== Given data ==

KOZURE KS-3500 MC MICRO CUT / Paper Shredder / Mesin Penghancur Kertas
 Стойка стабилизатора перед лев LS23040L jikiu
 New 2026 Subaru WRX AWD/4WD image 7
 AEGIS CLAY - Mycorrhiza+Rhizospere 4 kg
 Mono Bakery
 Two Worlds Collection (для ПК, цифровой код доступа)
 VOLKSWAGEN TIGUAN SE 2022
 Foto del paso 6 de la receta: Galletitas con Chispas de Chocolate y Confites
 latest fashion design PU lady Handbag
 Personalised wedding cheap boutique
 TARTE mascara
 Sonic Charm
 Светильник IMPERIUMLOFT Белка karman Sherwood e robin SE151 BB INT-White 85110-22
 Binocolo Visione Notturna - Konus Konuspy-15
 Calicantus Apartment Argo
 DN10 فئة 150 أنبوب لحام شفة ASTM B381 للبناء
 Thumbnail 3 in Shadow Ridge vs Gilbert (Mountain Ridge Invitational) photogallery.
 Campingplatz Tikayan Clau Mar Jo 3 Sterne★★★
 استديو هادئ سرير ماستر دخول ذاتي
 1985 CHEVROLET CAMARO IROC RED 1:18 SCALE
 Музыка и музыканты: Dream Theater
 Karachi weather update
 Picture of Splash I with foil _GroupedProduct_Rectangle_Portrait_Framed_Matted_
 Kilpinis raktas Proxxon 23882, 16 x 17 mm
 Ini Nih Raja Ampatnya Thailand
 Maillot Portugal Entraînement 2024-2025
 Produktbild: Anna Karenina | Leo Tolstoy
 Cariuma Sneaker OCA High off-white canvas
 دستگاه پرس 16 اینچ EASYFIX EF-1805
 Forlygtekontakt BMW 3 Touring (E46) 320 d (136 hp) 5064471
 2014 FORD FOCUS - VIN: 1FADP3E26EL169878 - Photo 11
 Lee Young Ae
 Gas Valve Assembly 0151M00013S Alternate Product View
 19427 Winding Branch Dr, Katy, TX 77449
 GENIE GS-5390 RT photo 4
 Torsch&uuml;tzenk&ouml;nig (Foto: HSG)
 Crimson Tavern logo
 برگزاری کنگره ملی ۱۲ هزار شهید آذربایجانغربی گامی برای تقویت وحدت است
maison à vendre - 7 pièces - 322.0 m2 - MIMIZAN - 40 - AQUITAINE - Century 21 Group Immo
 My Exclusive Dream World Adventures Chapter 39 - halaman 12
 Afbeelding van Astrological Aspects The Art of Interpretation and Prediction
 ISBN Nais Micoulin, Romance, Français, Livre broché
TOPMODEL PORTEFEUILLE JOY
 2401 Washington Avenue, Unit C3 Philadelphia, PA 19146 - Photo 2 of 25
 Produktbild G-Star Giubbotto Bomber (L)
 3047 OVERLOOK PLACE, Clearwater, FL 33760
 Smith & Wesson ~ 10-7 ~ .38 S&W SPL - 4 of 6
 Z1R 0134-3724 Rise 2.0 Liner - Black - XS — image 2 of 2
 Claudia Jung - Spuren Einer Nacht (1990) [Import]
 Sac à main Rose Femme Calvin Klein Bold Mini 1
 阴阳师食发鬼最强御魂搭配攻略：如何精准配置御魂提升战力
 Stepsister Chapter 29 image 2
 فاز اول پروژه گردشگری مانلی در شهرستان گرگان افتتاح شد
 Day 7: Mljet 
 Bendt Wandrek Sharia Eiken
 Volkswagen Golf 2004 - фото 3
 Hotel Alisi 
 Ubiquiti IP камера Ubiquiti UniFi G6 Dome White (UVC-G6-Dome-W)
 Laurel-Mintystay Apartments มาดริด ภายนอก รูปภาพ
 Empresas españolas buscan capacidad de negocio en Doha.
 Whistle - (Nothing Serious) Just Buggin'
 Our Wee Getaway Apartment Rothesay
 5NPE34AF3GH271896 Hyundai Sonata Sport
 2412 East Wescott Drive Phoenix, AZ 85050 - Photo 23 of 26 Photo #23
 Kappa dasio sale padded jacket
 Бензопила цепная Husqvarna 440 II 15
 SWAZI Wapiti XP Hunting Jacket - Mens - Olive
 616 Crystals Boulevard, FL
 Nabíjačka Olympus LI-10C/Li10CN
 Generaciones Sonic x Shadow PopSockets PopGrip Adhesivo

===

**Problem details**
From the entries, report each line that includes the word "Sonic".

**Output of the exercise**
 Sonic Charm
 Generaciones Sonic x Shadow PopSockets PopGrip Adhesivo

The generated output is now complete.